● Given material:
* * * * * * * * *
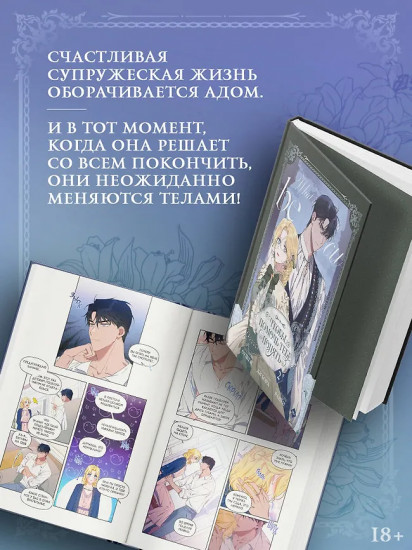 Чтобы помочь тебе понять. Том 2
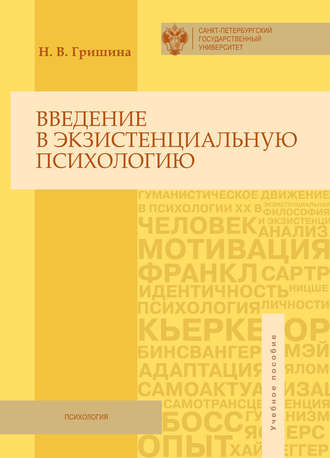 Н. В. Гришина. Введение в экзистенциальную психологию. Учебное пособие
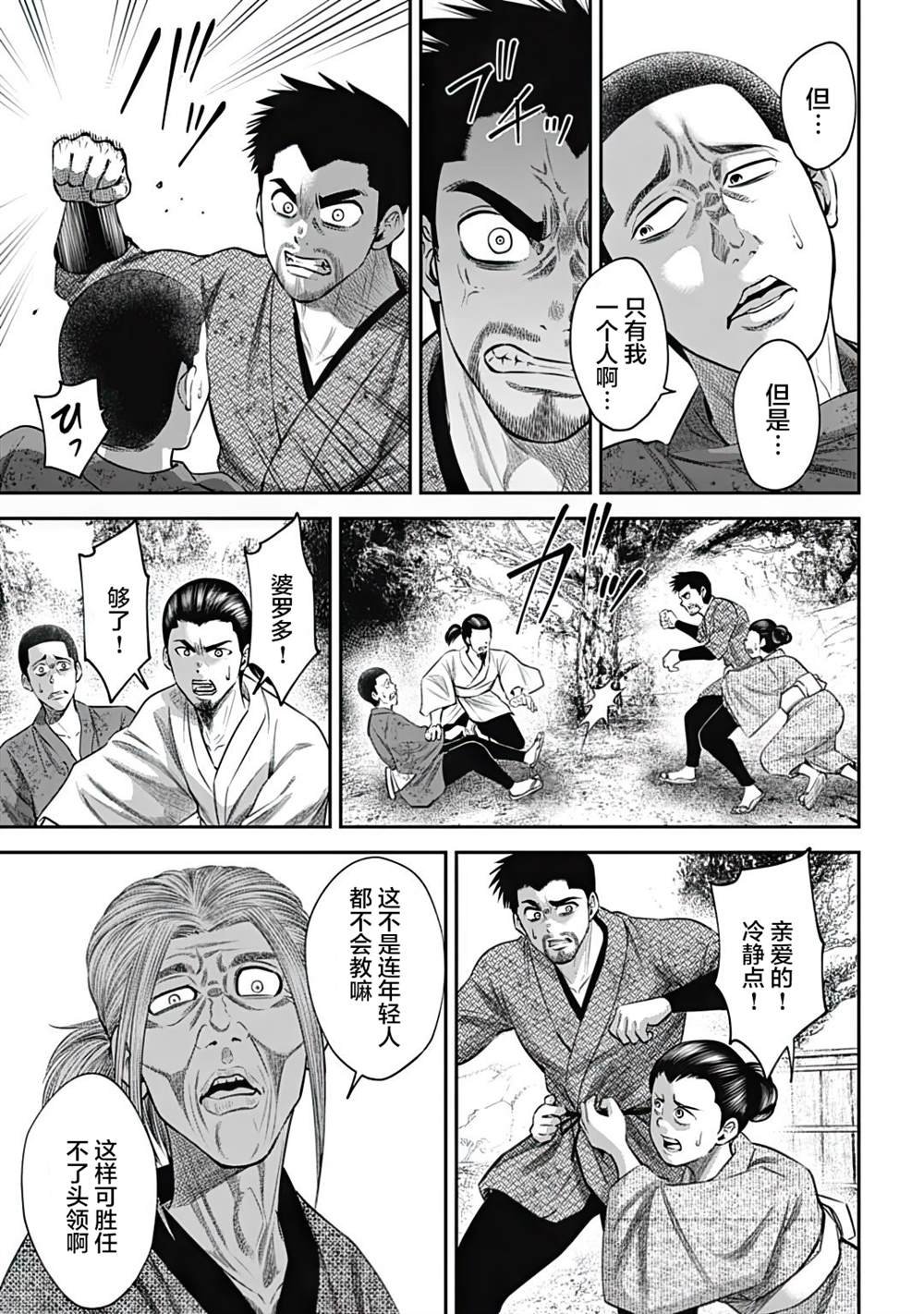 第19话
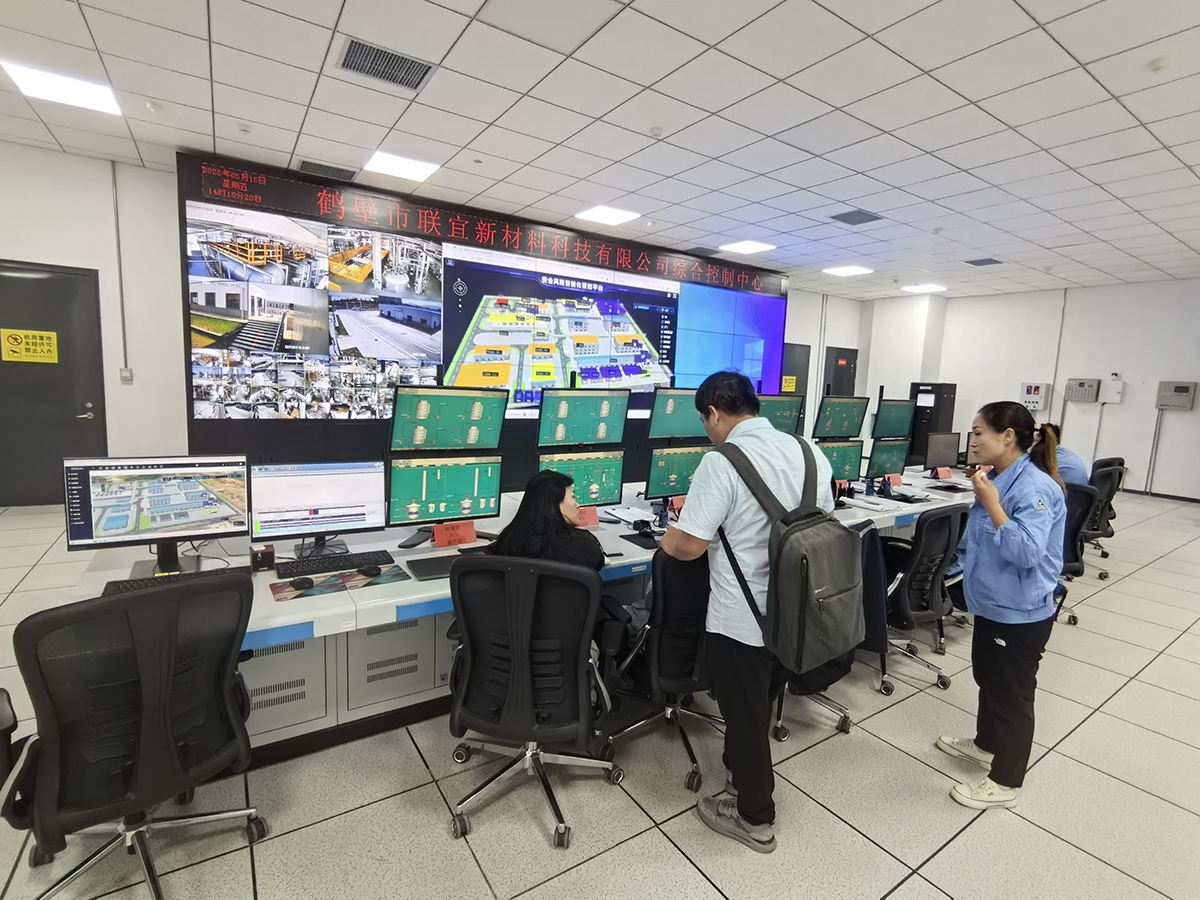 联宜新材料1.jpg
* * * * * * * * *
● Your task:
Since the pictures are not wanted, transcribe the rest of the listing above exactly.

● Result for this exercise:
 Чтобы помочь тебе понять. Том 2
 Н. В. Гришина. Введение в экзистенциальную психологию. Учебное пособие
 第19话
 联宜新材料1.jpg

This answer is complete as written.